Preparing the nails for a manicure is a key step in ensuring a professional and long lasting finish. It is a step which is often missed because it takes too much time but if you can spare the time, you will notice the difference.
Step 1: Soak your nails for 5-10 minutes in water or use a cuticle remover. This will soften your cuticles making them easier to remove but also avoid the chances of you removing live skin (often mistaken for cuticle). In doing this you will avoid that endless cycle of cuticles growing back more aggressively and being hard.
Step 2: Use an orange wood stick or metal cuticle pusher to gently push cuticles back. However, be sure to scrape the rest of your nail as cuticle also lies on the surface of the entire nail plate.
Step 3: Once your cuticles have been worked on and nails have been filed, wash your hands with soap and water, and thoroughly dry. This deactivates any product or residue on the nail that can act as a barrier.
#2 Base Coat
Using a base coat is a great way to avoid staining on the nails and to give your polish something to adhere to. It is also a good way to ensure a smooth finish, especially if you have some uneven nails or ridges.
#3 Think ‘thin to win’
It is tempting to apply thick coats of polish to the nails as it can mean not having to do two or even three coats to get an opaque finish however, if the polish is applied too thickly, it can take a lot of time to fully dry, and can be more prone to chipping and peeling. Three thing coats is better than one thin coat…
#4 Avoid the cuticle area
It is good practice to leave a slight margin between the polish and the cuticle area as well as the side walls. Too much polish in these areas can not only ‘flood’ them but also lead to peeling as chances are, some of it is on skin instead of nail.
#5 It’s fine to make a mess!
Everyone makes mistakes and it is especially hard to polish both hands equally neatly when doing it on yourself. All you have to do is get an orange wood stick or thin brush dipped in acetone or nail polish remover, and tidy up the edges. Try and avoid cotton buds as not only do their domed ends make it hard to be accurate, but small bits of cotton can transfer to the polish making it hard if not impossible to remove without damage to your hard work.
#6 Fix any scuffs
This is probably my favourite tip – we all know that frustration when you have worked hard to polish your nails, waited for them to dry, only to do something with your hands that causes a scuff and the horrible realisation that you didn’t wait long enough! This is easily fixed. Just get a small amount of nail polish remover onto your finger and gently dab the area that is scuffed. Like magic you will see it disappear and blend back in!

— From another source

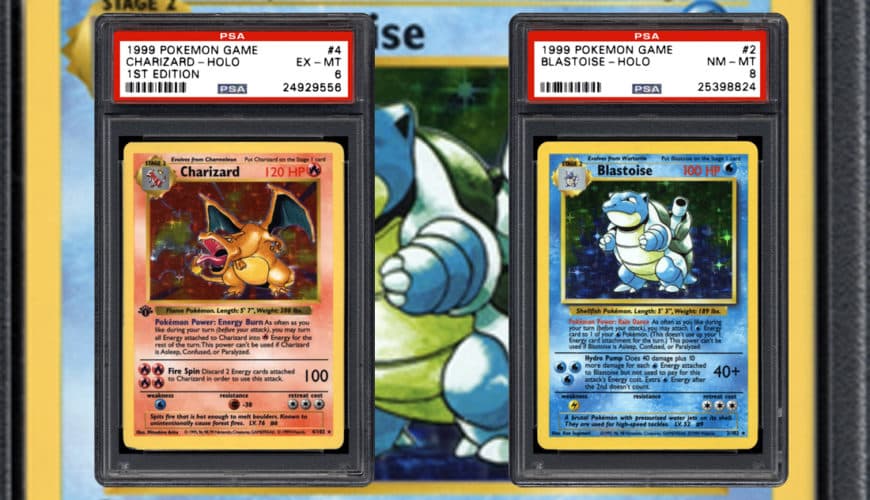 Most Expensive Pokemon Cards: First Edition Shadowless Blastoise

#7 Avoid shaking the bottle
Sometime shaking the nail polish bottle can cause air bubbles which can affect application and also the longevity of the product. Instead of shaking try rolling it in between the palms of your hands while the bottle is upside down. This still mixes the product well but without the risk of air bubbles.
#8 Use the right nail file
Every one has different preferences with nail files – whether they like the traditional emery board style ones, the glass ones, cushioned ones etc. But the most important thing is to pay attention to the ‘grit’. The higher the grit, the less abrasive the nail file is. As a rule of thumb, you shouldn’t use any grit lower than 240 on the natural nail. But if your nails are brittle try an even higher grit.
#9 Use cuticle oil
Cuticle oil is amazing! Especially CND Solar Oil. Be aware that the latter cannot be purchased legitimately unless you are a qualified professional so if you see it available online etc. it could be a fake! To be honest any form of oil is great for your cuticles and nails. In terms of enhancing a manicure, by keeping cuticles soft, you can keep the ‘new manicure’ look for longer.
#10 Resist picking!
It is very tempting to pick or peel polish off once you notice a chip but this can be really harmful to your nails. It can make your nails weaker which would affect future manicures.